Obstacles to a Lasting Peace Agreement

The model of peacemaking thus far has been characterized as “big tent”: after several rounds of fighting lead to a stalemate, the government provides rebel leaders with an opportunity to control and disperse resources, and to integrate their militia into the national army. This policy formed the basis of the ARCSS. In June 2017, the IGAD council of ministers called for a “high-level revitalization forum” of the ARCSS. The initiative has support within the government and from all major opposition groups who have expressed their readiness to participate in the negotiations. However, IGAD diplomats face a delicate balancing act. Some provisions of the peace agreement, including the security arrangements, are clearly obsolete and need to be reviewed. At the same time, opening the whole agreement for renegotiation risks drawing out the process and potentially losing some of the commitments to constitutional reform, economic management, and transitional justice that are included.

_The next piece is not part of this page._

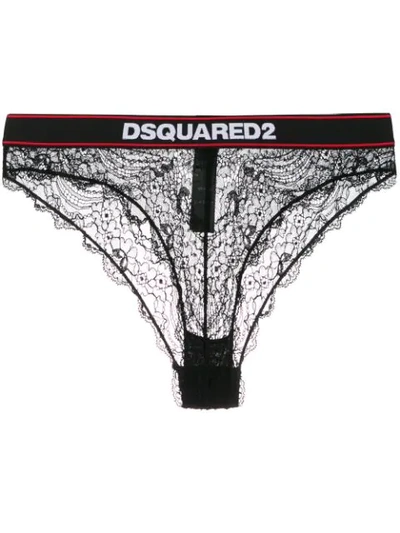 Dsquared2 Logo Lace Briefs In Black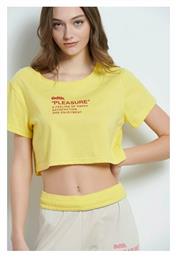 BodyTalk Γυναικείο Αθλητικό Crop Top Κοντομάνικο Κίτρινο Κίτρινο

More importantly, it is fundamentally unclear how “revitalization” will look. Since the July 2016 crisis, political and military realities have changed considerably. After Riek Machar fled the country, President Kiir appointed the opposition politician Taban Deng Gai to replace him. Yet the government’s expectation that he would be able to bring along opposition fighters with him has not been met. Most of Riek Machar’s troops remain loyal to him. His involvement in the process remains a major stumbling block for the negotiations. No one in the diplomatic community in Juba that I spoke to during a recent research trip expects Machar to return to Juba, after SPLA units tried to kill him twice, in 2013 and 2016. Accommodating Machar in the government thus seems impossible, though marginalizing him has also not worked.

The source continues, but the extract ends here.